Spain is the hardest-hit country in Europe by COVID-19, while the lockdown is expected to stay in place until at least May 3rd, the government began easing its restrictions on residents on April 13th by allowing some non-essential workers to return to their jobs.
On April 20th, Prime Minister Pedro Sanchez said that he would allow children to go outside since the lockdown began.
As of April 24th, it has 219,764 total cases, 22,524 fatalities, and 104,885 active cases.
Switzerland, announced a three-stage lifting of the lockdown starting on April 27th.
The first phase will include reopening some non-essential businesses such as hairdressers, physiotherapists, medical and dental offices, while grocery stores and supermarkets also will be able to sell non-essential products again.
Wearing masks outside will be mandatory.
The second phase of the plan, which is set to begin on May 11th, will see schools for children of compulsory school age reopen. All stores and markets will also reopen on that date.
The final phase, set for June 8th, will see the reopening of upper secondary schools, universities as well as the possible lift of restrictions on entertainment and cultural events.
As of April 24th, it has 28,677 total cases, 1,551 fatalities and 6,526 active cases.
Sweden, still has no COVID-19 lockdown, and it appears to be dealing with the situation fine. Most recently, on April 21st, Anders Tegnell, an epidemiologist at Sweden’s Public Health Agency said that closing of borders was “absurd” in his view.
His philosophy is the following:
“This is not a disease that can be stopped or eradicated, at least until a working vaccine is produced.
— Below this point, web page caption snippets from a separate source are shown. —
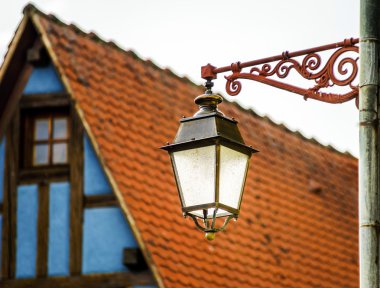 küçük şehirde eski vintage sokak lambası
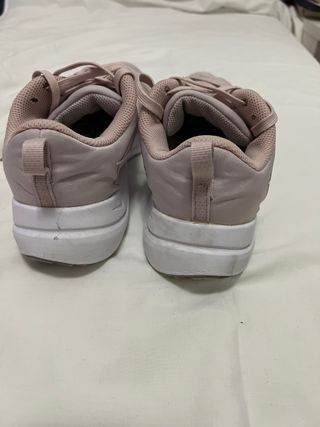 Lote 2 Zapatillas Nike Negras y Blancas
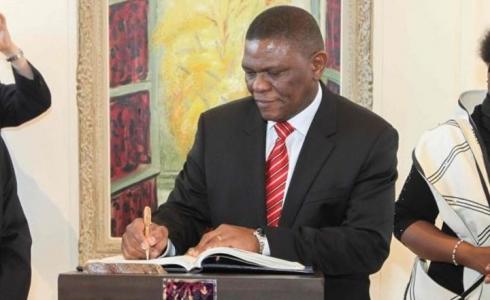 سفير جنوب أفريقيا لدى إسرائيل سيسا نجومبون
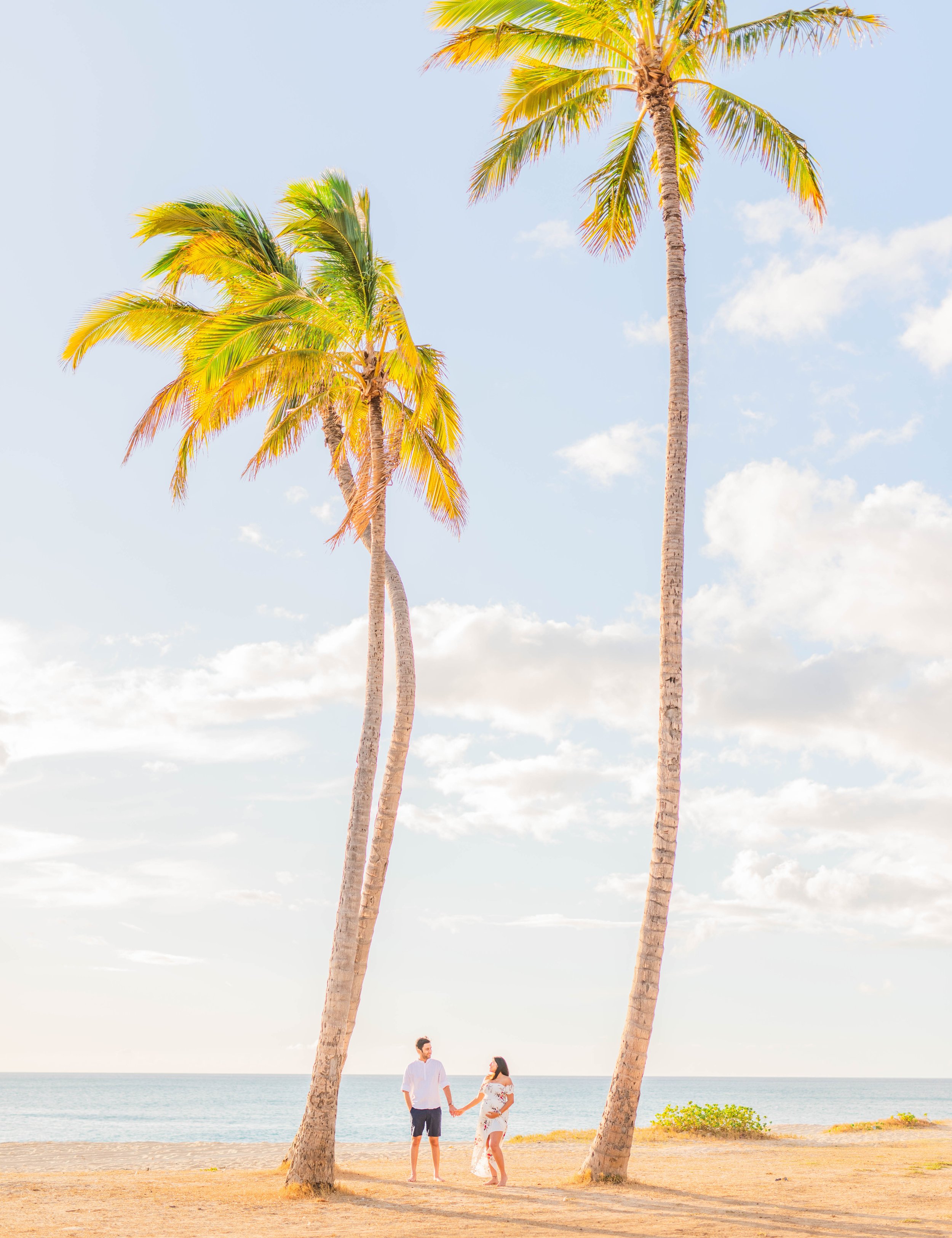 Affordable Maternity Photographer on Oahu, Hawaii
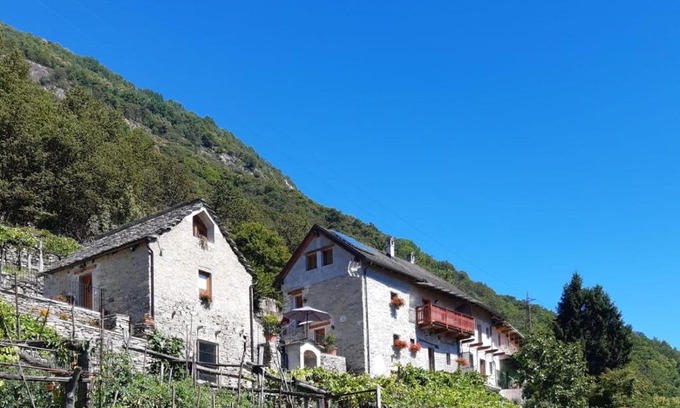 Crevoladossola House | Ossola dal Monte: Family-Friendly Retreat with Kitchen Access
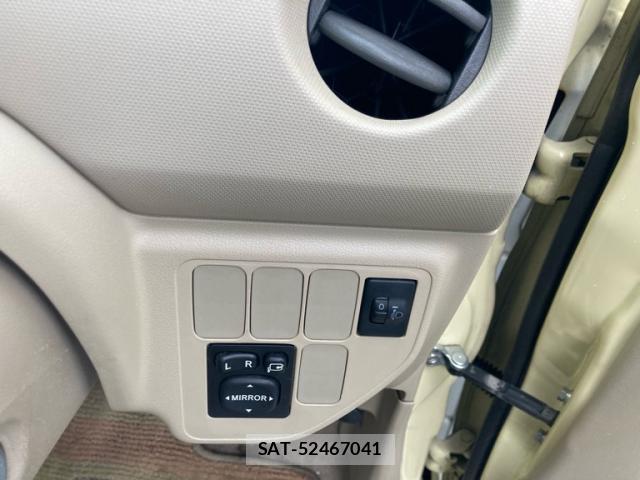 Daihatsu ESSE 2010-06 8219792-19
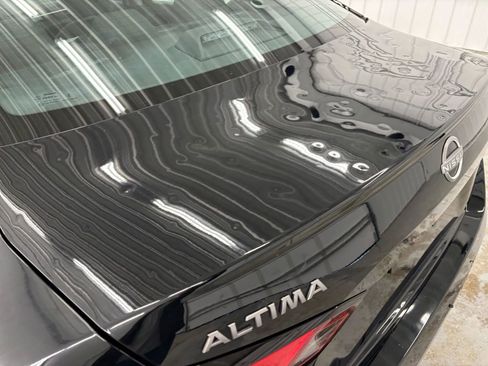 Used 2024 Nissan Altima 2.5 SV image 24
We have to find long-term solutions that keeps the distribution of infections at a decent level. What every country is trying to do is to keep people apart, using the measures we have and the traditions we have to implement those measures. And that’s why we ended up doing slightly different things.”
As a result, Swedish citizens weren’t prohibited or required to do anything, everything was based on voluntarism.
As of April 24th, it sits at 16,755 total cases, 2,021 deaths and 14,184 active cases.
Finland, on March 16th, the Finnish Government, jointly with the President of Finland, declared a state of emergency due to COVID-19.
- All schools will be closed, not including early education.
- Most government-run public facilities (theatres, libraries, museums etc.) will be shut down.
- Critical personnel will be exempted from the Working Hours Act and Annual Holidays Act, both in the private and public sector.
- At most 10 people can participate in a public meeting, and people over the age of 70 should avoid human contact if possible.
- Outsiders are forbidden from entering healthcare facilities and hospitals, excluding relatives of critically ill people and children.
- The capacity of social and healthcare will be increased in the private and public sector, while less critical activity will be decreased.
- Preparations for the shutdown of borders will start, and citizens or permanent residents returning to Finland will be placed under a 2-week quarantine.
As of April 22nd, Finland said that it planned to lift the lockdown with a hybrid strategy.
Many of Finland’s countrywide restrictions will remain in place until May. Schools and public libraries are set to reopen on May 13. Restaurants are to remain shuttered until late in the month, while large gatherings of more than 500 people are prohibited until the end of July.
As of April 24th, Finland sits at 4,395 total cases, 172 fatalities, and 2,223 active cases.